[[ DATA PROVIDED, beginning ]]

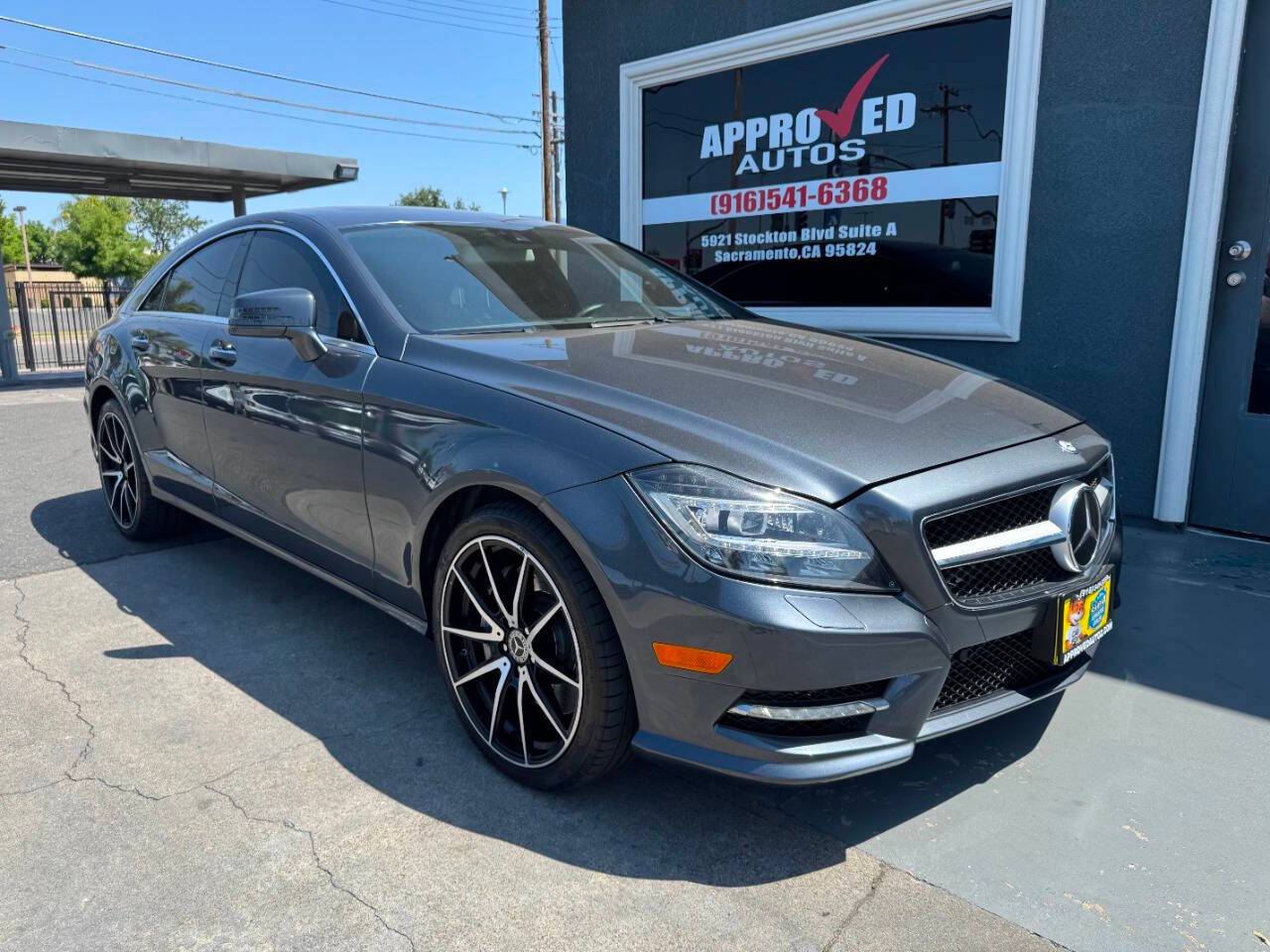 2014 Mercedes-Benz CLS CLS 550 — Sedan — 107,579 mi — Sacramento, CA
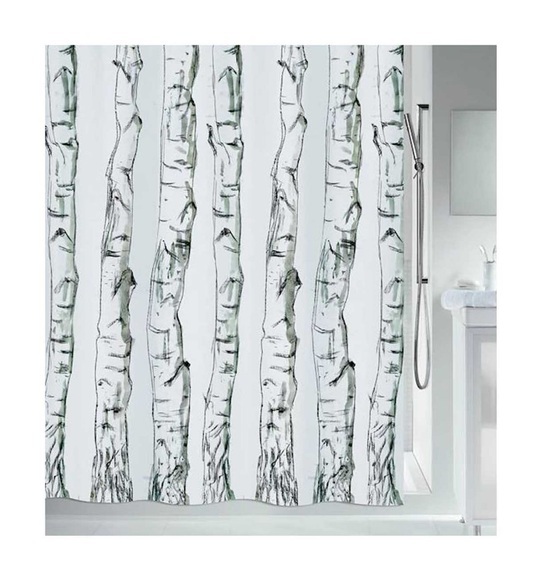 SPIRELLA Duschvorhang TEXTIL
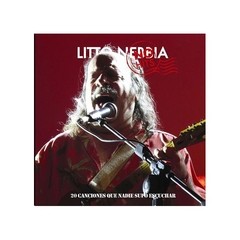 Litto Nebbia - NO Hits - CD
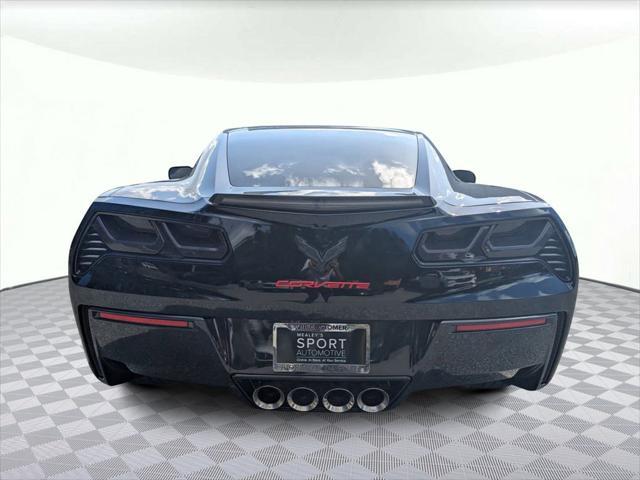 used 2019 Chevrolet Corvette car, priced at $42,693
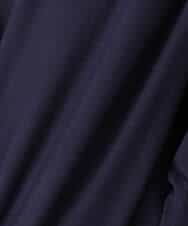 FKFDD12130 MK MICHEL KLEIN(MK ミッシェルクラン) ドルマンスリーブニット/洗える ライトブルー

[[ DATA PROVIDED, end ]]

Pictures are to be left out; otherwise, copy exactly each line from the one containing "used 2019 Chevrolet" through the last line of the listing.

__ANSWER BOX__:
 used 2019 Chevrolet Corvette car, priced at $42,693
 FKFDD12130 MK MICHEL KLEIN(MK ミッシェルクラン) ドルマンスリーブニット/洗える ライトブルー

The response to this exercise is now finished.